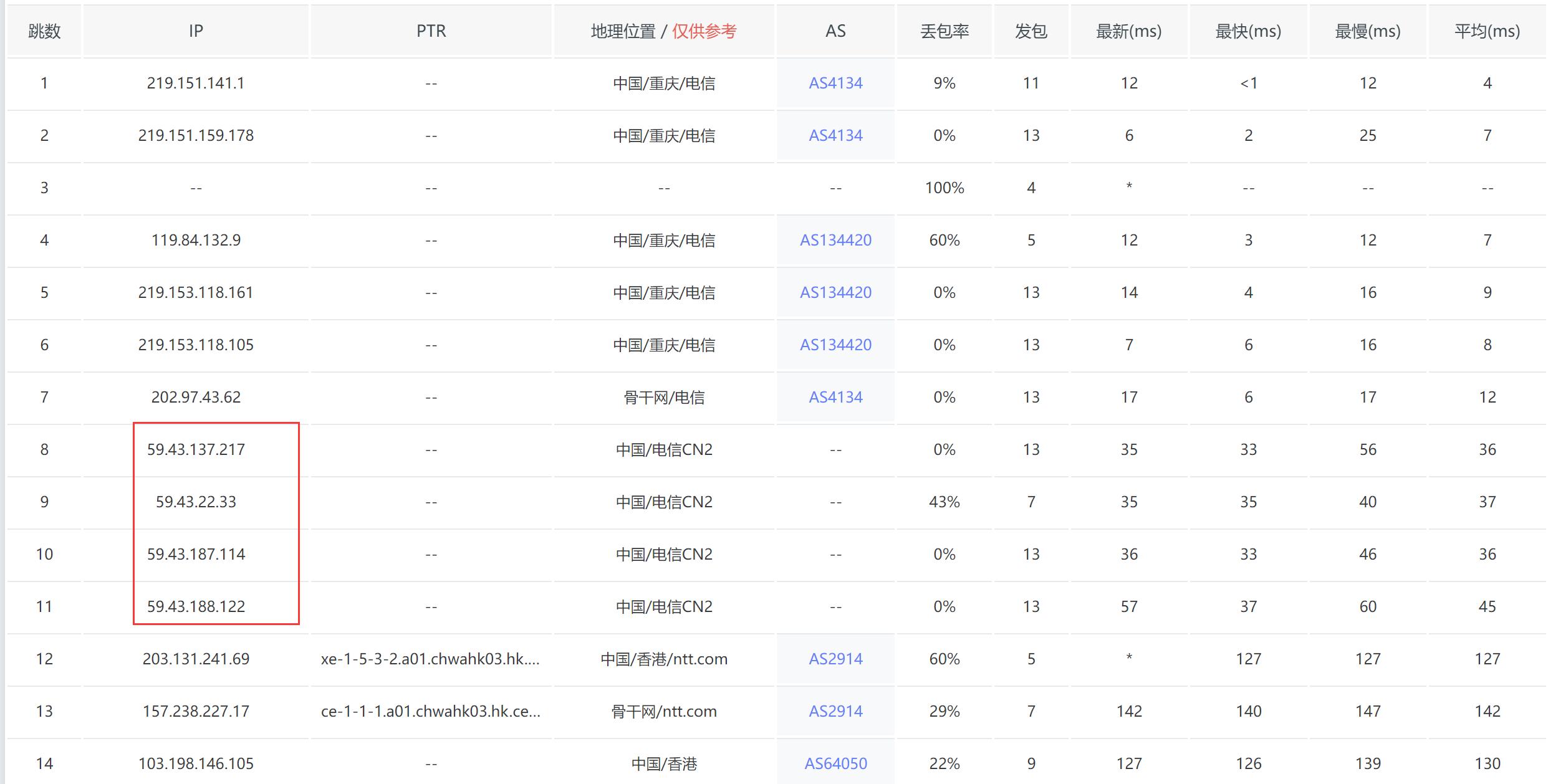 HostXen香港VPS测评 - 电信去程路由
==
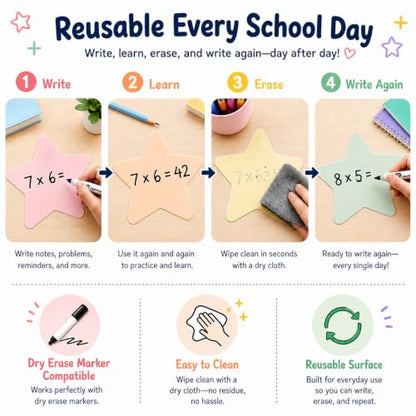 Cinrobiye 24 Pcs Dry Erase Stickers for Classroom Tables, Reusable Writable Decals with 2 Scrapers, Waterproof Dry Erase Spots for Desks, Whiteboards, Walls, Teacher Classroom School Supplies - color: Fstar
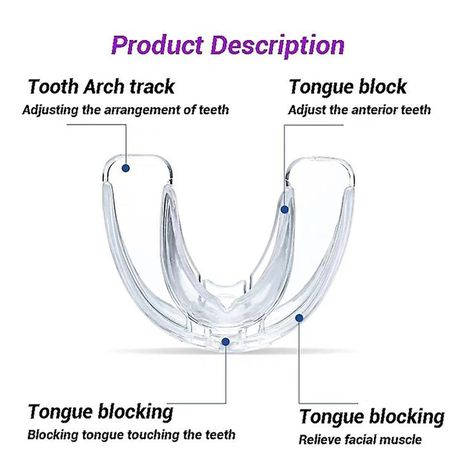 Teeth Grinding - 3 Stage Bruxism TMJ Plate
...
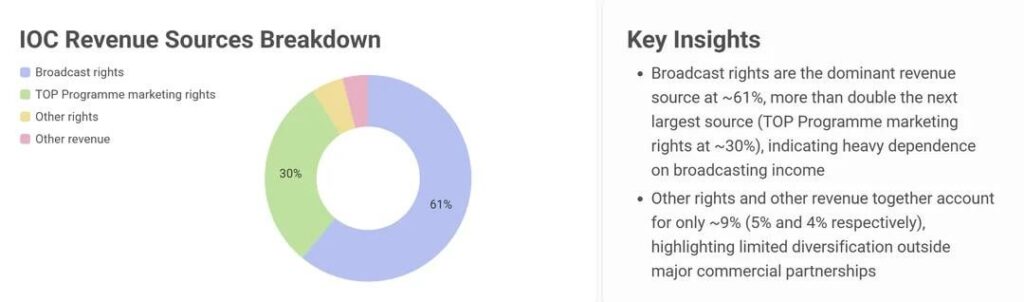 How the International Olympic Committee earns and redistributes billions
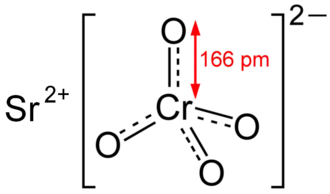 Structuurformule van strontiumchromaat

- [TASK BRIEF]
Print from the line containing "Cinrobiye 24 Pcs" through the line containing "Teeth Grinding - 3 Stage Bruxism TMJ Plate" in the data above, exactly as the lines stand, and omit every picture.

- [COMPLETED TASK]
 Cinrobiye 24 Pcs Dry Erase Stickers for Classroom Tables, Reusable Writable Decals with 2 Scrapers, Waterproof Dry Erase Spots for Desks, Whiteboards, Walls, Teacher Classroom School Supplies - color: Fstar
 Teeth Grinding - 3 Stage Bruxism TMJ Plate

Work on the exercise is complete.